Goatboy, the Shoggoths, and the Thing That Wailed.

Jun 05, 2004 09:50

A dream and two rants, for your pleasure.

Night before last, I had a really strange dream.

I was in an old hotel, built to look like a castle (there is such a thing in my town, and it's cool). There was a renfair going on there, but some of the people really were what they were pretending to be. I was dressed normally, as me.

I was looking through the rooms for a friend of mine (nobody I know in real life) and I finally found her having sex with a goat-man in a side room. I don't have a thing for goat-men, but in the dream I was furiously jealous.

"I want one," I declared.

"That's Pan," a guy (the girl's boyfriend) said. "I set them up. He has a younger brother, you know. I could hook you up."
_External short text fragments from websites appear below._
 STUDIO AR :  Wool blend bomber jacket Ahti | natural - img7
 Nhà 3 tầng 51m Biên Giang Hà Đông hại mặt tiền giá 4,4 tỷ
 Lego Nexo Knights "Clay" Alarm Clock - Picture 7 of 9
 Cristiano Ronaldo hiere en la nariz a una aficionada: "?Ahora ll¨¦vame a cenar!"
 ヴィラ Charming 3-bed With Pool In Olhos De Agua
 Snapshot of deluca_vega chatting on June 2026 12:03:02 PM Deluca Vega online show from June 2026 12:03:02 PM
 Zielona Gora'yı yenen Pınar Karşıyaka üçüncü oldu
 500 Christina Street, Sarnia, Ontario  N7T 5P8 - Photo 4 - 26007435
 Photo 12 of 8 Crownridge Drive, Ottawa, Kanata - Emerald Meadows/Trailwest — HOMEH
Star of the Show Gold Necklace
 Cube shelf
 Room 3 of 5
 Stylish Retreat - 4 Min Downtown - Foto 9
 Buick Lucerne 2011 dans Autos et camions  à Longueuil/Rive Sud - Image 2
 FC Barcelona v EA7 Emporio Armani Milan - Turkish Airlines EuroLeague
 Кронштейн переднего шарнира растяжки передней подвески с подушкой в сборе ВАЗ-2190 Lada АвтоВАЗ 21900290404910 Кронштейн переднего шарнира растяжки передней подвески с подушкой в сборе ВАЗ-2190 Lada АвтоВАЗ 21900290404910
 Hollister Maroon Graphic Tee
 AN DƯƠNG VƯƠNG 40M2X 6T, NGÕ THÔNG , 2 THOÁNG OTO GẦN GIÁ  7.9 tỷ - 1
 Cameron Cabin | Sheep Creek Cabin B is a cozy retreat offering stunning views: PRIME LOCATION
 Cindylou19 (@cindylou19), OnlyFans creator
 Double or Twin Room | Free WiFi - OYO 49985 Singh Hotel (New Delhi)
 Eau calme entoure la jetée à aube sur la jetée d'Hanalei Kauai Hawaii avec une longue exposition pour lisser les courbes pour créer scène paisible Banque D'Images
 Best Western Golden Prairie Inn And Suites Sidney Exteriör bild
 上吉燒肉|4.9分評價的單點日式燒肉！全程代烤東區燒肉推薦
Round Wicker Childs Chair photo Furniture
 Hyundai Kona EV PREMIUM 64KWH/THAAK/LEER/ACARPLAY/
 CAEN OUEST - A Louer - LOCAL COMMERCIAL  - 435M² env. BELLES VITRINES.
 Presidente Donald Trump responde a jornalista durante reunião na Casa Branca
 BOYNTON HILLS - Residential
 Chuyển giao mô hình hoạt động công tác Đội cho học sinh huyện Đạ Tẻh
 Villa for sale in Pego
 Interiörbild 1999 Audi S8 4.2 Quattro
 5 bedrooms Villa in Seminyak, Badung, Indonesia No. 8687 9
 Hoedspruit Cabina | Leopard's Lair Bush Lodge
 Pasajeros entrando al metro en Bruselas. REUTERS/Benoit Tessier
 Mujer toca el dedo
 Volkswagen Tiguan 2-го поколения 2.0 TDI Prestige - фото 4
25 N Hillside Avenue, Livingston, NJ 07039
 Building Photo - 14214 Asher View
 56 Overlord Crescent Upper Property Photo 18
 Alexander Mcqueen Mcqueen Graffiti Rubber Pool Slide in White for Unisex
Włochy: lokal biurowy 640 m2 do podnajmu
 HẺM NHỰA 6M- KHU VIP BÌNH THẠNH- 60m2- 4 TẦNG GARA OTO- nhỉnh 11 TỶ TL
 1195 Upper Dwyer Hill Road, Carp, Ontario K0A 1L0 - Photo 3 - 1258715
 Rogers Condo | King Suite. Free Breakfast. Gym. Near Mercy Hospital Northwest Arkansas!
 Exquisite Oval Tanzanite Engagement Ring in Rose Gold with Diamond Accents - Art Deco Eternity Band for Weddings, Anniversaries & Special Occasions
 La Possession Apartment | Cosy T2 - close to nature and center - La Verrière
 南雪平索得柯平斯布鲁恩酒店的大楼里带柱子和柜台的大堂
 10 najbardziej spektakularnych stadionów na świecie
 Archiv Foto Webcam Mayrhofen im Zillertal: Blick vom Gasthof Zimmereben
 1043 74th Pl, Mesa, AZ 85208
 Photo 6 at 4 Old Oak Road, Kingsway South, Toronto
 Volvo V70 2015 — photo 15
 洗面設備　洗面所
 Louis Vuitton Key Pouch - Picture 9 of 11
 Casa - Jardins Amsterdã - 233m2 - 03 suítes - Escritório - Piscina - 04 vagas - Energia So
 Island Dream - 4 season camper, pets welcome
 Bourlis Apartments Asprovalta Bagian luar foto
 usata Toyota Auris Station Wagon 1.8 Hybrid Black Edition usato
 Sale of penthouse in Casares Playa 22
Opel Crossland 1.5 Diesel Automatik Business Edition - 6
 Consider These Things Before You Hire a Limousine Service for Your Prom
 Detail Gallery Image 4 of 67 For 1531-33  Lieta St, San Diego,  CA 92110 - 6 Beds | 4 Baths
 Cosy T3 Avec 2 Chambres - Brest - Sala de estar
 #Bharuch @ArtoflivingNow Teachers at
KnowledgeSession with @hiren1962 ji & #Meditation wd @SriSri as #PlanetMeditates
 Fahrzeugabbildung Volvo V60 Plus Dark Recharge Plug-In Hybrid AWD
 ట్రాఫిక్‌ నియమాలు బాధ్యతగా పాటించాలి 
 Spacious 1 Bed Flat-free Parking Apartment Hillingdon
I told him to do so at once. In another room we found Pan's little brother. He was way younger than I had expeced -- about 17 -- and was wearing a backwards baseball hat over his little horns, and a baggy orange tee shirt. No pants, just furry black goat-legs. He was, despite this fashion disaster, very easy on the eyes -- curly dark hair, dark eyes, pretty mouth, smooth chest, little flippy goat-tail.

So we hung out. And he was pretentious, boorish, cocky, a little ignorant, and a bit of a dick. But the more I was around him, the cuter I thought he was.

Then a parade started, and we heard the music coming from outside. We looked out and there were the skanky bellydancers from the renfair leading the parade to the King and Queen, and getting prizes. I was livid with fury. They sucked so much. I explained to Pan, Jr. that I danced, and was much better, and he asked me to show him.

So I danced there in the hotel room, on the crappy hotel carpet, in an awkward skirt, and in uncomfortable shoes. I danced and danced to the music outside, and he watched.

"You know," he said. "You're dancing on crappy hotel carpet, in an awkward skirt, and in uncomfortable shoes. But I can see that you're really very good. Come with me and dance somewhere else. Without any of those things."

And, even though he was sort of a cock, I agreed to go with him. Because, hey, it's Pan's younger brother. He's got to be hiding something.

We walked off to get better acquainted. I was scritching his flanks, which were really fuzzily soft. I woke up before anything improper could happen. This dream amuses me. I can't quite figure out what it means, but, hey. It was fun.

Anyway, dreams about goatboys aside, when I went to lunch the other day at the Olive Garden, it was great fun, but, oh, sweet Mary, there were three infants there, all at separate tables, all under the age of two.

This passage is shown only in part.